Das Urteil bestätigt damit auch für den vorliegenden Fall seine bisherige Rechtsprechung, wonach Geldentschädigungsansprüche nicht vererbbar sind.  

Darüber hinaus hat der BGH der Rechtsauffassung des Oberlandesgerichts Köln ausdrücklich widersprochen und räumt der Klägerin Maike Kohl-Richter gegen den überwiegenden Teil der wörtlichen Zitate des Alt-Kanzlers im Buch „Das Vermächtnis – Die Kohl-Protokolle“ keinen Unterlassungsanspruch ein.  

Für die Penguin Random House Verlagsgruppe is die Entscheidung des BGH ist „ein wichtiges Signal für die Pressefreiheit und wird über den konkreten Fall hinaus auch für zukünftige Fälle von Bedeutung sein.
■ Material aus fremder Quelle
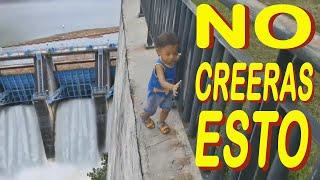 niño en la baranda de la cascada impresionante no lo creeras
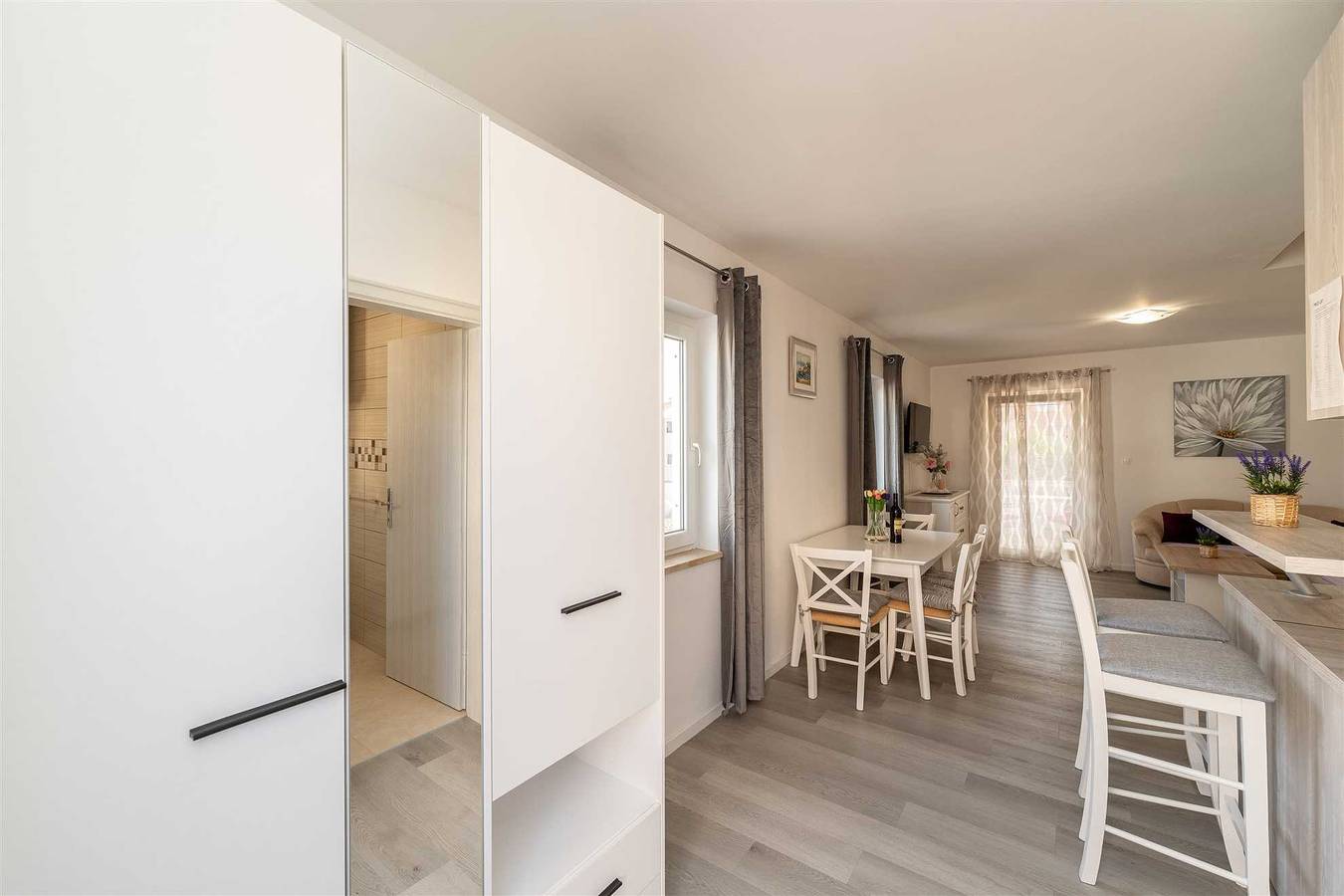 Ganze Wohnung, Apartment Leo mit Parkplatz, nur 800 m vom Meer entfernt in Novalja, Pag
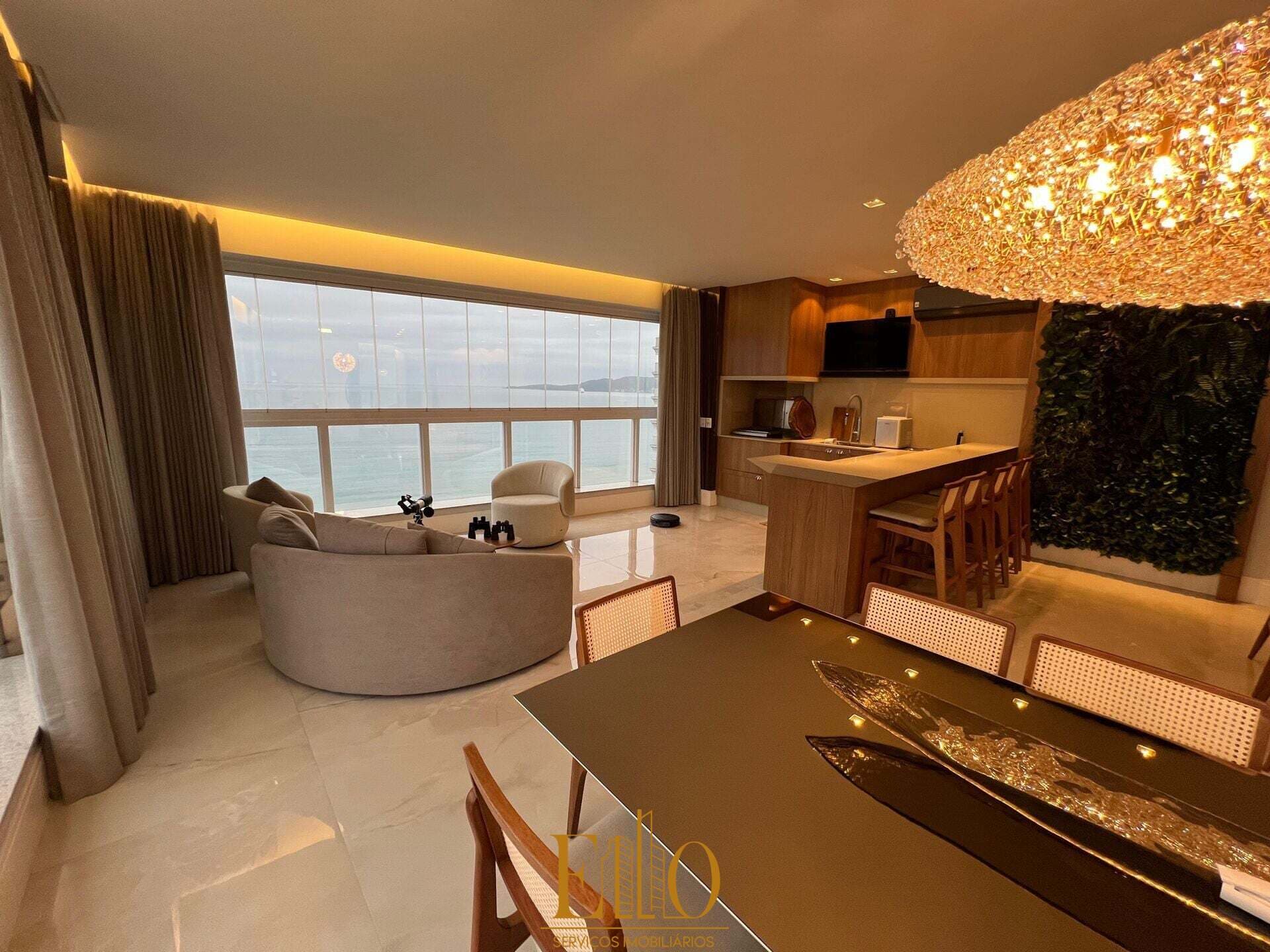 Apartamento Alto Padrão, Ed. Illuminato. 04 Suítes + 03 Vagas. Meia Praia em Itapema/SC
Das Gericht hat deutlich gemacht, dass die zutreffende Wiedergabe von Äußerungen eines verstorbenen Politikers dessen postmortales Persönlichkeitsrecht selbst dann unberührt lässt, wenn diese nicht öffentlich erfolgt sind. Insbesondere können derartige Aussagen nicht verboten werden, nur weil sie Derbheiten oder offene Worte enthalten, die der Eigendarstellung des Politikers nicht entsprechen bzw. dem Bild, das seine Erben nach seinem Tod von ihm in der Öffentlichkeit präsentieren möchten. Die Vorinstanz hatte hier noch der Klägerin folgend eine Konstruktion entwickelt, nach der die angefertigten Tonbandaufnahmen der Gespräche zwischen Kohl und Schwan als so genannte „Bildnisgleiche Verdinglichung“ zu betrachten seien und deshalb einen weitergehenden Schutz vor einer Veröffentlichung genießen sollten.  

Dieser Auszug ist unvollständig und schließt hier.